How we did it ... Grocery roof becomes biodiversity showcase

Project: A scheme to create a brown and green roof on an existing building, the Unicorn Grocery.

Living roof: insulation plus bird habitat
Living roof: insulation plus bird habitat

Background: The roof is part of a Manchester-wide project called Make Room for Black Redstarts, which aims to create habitat "stepping stones" for this bird species, now rarer than the golden eagle.

Who is behind it? The Greater Manchester Biodiversity Project, the Unicorn Grocery, the SITA Trust, the BTCV, Outerspace Garden Design and Living Roofs.

Project aims: As well as creating wildlife habitat, the roof covering would improve insulation.

Skills involved: Architecture, landscaping, biodiversity expertise and green roof design.

Organic grocery Unicorn first considered installing a green roof for purely practical reasons. Located in a completely uninsulated building, workers were forced to wear hats and gloves at the tills all through winter.

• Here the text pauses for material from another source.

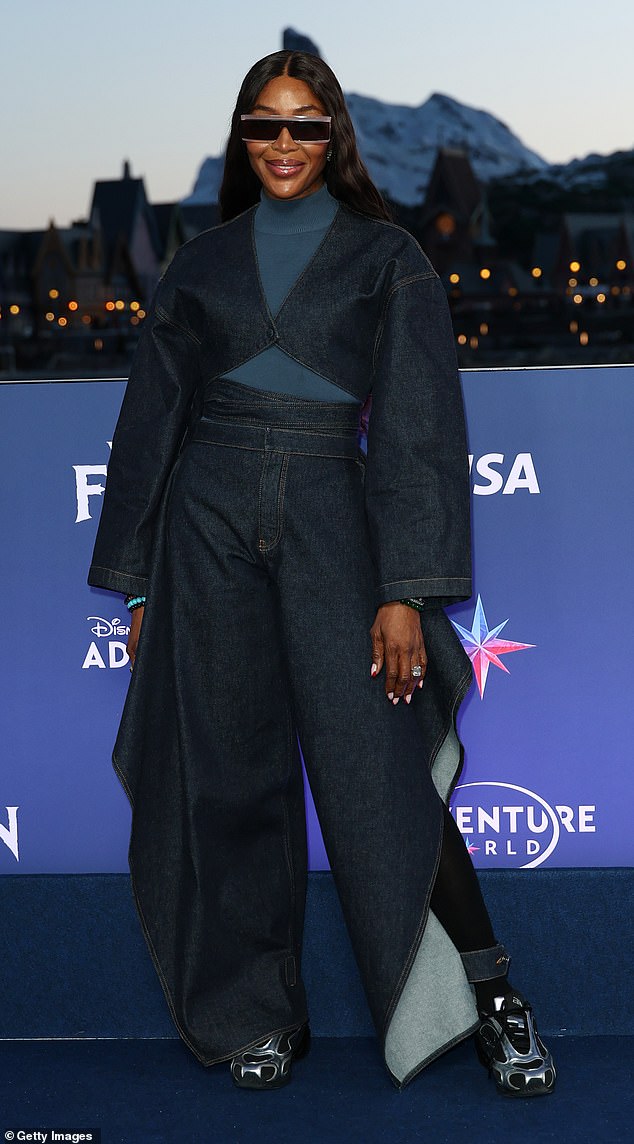 Naomi completed her outfit with striking black and blue chunky trainers and a pair of visor sunglasses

"We looked at getting it insulated, but the quotes were astronomical. So we thought that if we were going to spend that much money, we might as well do something a bit different," explains Leah de Quattro, one of the shop's co-operative members.

Unicorn approached Manchester City Council, which put it in touch with the Greater Manchester Biodiversity Project. Biodiversity manager Graham Jones was just starting work on an initiative to boost numbers of the black redstart by creating a habitat for the species. The small bird only breeds in cities and widespread regeneration had resulted in a massive loss of habitat. There are only around 100 breeding pairs in the UK.

Most of the 520m2 space on top of the Unicorn building is a brown roof, which differs from a green roof in that it does not have any sedum. This is partly due to the weight limit that the building can take, but it is also the best habitat for the bird which likes poor vegetation.

The roof is believed to be the first in the UK to incorporate a pond. The 50m2 of water draws midges, which supply the birds with food, and also attracts bats. By diverting rainwater coming off a higher roof from going straight down the drain, it also helps prevent flooding.

The project received £25,000 funding from the SITA Trust and volunteers were brought in from the BTCV. Permission was not a problem, as Jones explains. "Green roofs are the in-thing in Manchester, so there were no issues with planners."

Outerspace Garden Design owner Iain Weguelin designed the roof and managed the construction. The biggest challenge was getting all the materials on to the roof, he says. As much as 30 or 40 tonnes had to be hoisted up.

"We had to have a crane in the neighbouring building's car park. This belongs to British Telecom, which only gave us two days even though the company barely uses it. The short time frame focused us, but it was fraught with problems. This is something people need to think about when putting a living roof on an existing building. It's much easier on new developments," he says.

Once the materials were on the roof, however, it was easier than landscaping on the ground, Weguelin says. Jones agrees: "Once you've done the nitty-gritty working out the load capacity, putting the roof on couldn't be easier." Construction and landscaping took just 12 days. Three or four people worked permanently on the site, with varying numbers of volunteers each day.

The project has been a success all round. Jones is planning to use it as a showpiece to demonstrate to planners and local authority staff what can be achieved by similar projects. Manchester City Council is including living roofs in its climate change strategy and biodiversity action plan, which forms part of its bid to become the greenest city in England.

De Quattro comments: "We paid a little less than for a conventional roof, but ended up with something that's doing a lot of good. It's being colonised already and it's great to see it changing every day. And it's much less cold in the shop."